The guard he had struck finally rose to his feet; he made a dazed bow to Aiden before moving from the room and leaving down the hall after one of the other guards.

“Sir, the last person to open this door was Phineas Faraday, the man in charge here. He never used his own code to open this door, one of us always fe…”The guard stopped speaking when Aiden held up his hand.

“Where is this Phineas Faraday,” Aiden asked calmly.

“Reassignment sir, he left last night, there is no way he could have used his code, it had to be stolen or…”  the guards voice trailed off at the dark look Aiden gave him.

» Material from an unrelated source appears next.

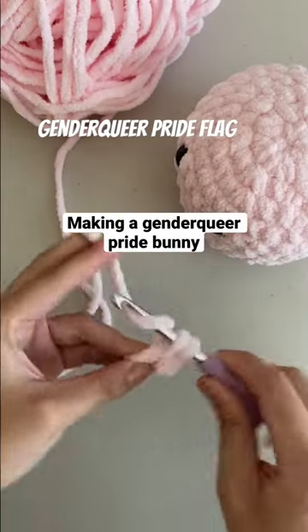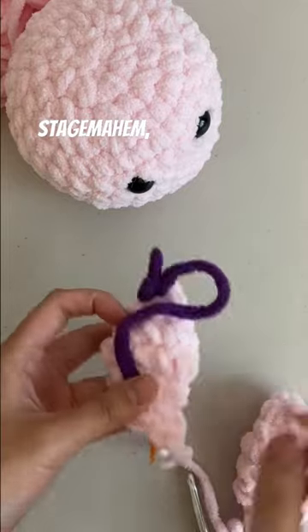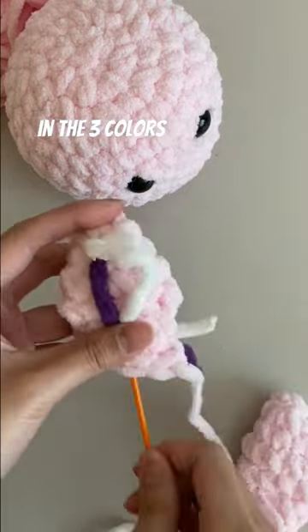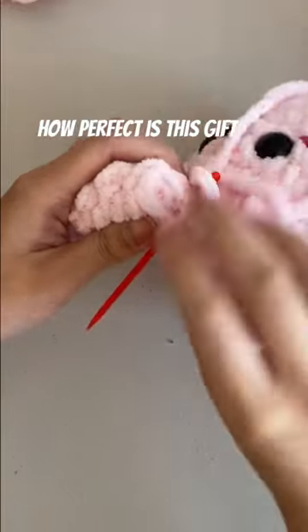Here's my first time making a plushie based on the genderqueer pride flag. This is for a custom order and the customer wanted me to use their screen name, stagemayhem, for this video. They asked for a pink bunny with ear accents in the three colors of the genderqueer pride flag, and it's a gift for their friend whose social media tag is pink bunny. How perfect is this gift?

“Where was he reassigned,” Aiden continued to question.

“Classified sir, Level 10, only the Lord Regent could give permission to access…” Aiden had to hold up his hand again to stop the man from stumbling over his own words.

It all came back to the Lord Regent again. Why was his father protecting this murderer? Did he not care about his own son’s death? What were his motives?  He cared little about this Phineas Faraday whether he was involved or not, but where would his father put the boy.

Two years of work and he finally found him, and like that, his father snatched the man out of his fingers again. He didn’t know what his father’s game was, but he would one day claim his vengeance.

The guard was terrified down on the ground next to him. He hadn’t realized he had lashed out, his fist slamming into the computer monitor just in front of where the guards head had been. The glass terminal had cracked, the display now only showing a black and white distorted image around the spiderlike cracks that crossed the monitor. His temper, he needed to be better at controlling his temper.

He glanced down at the trembling guard, his eyes intense, “Get up, get the other guards together, and burn this place to the ground.  By day break, I want nothing left of this facility or anything in it but ash and stone.”

The guard stood up and left to follow the orders, acting slightly braver now that he had a specific task to carry about. Aiden stood and contemplated what games his father was up and where he would need to look next to hunt down the boy who murdered his brother.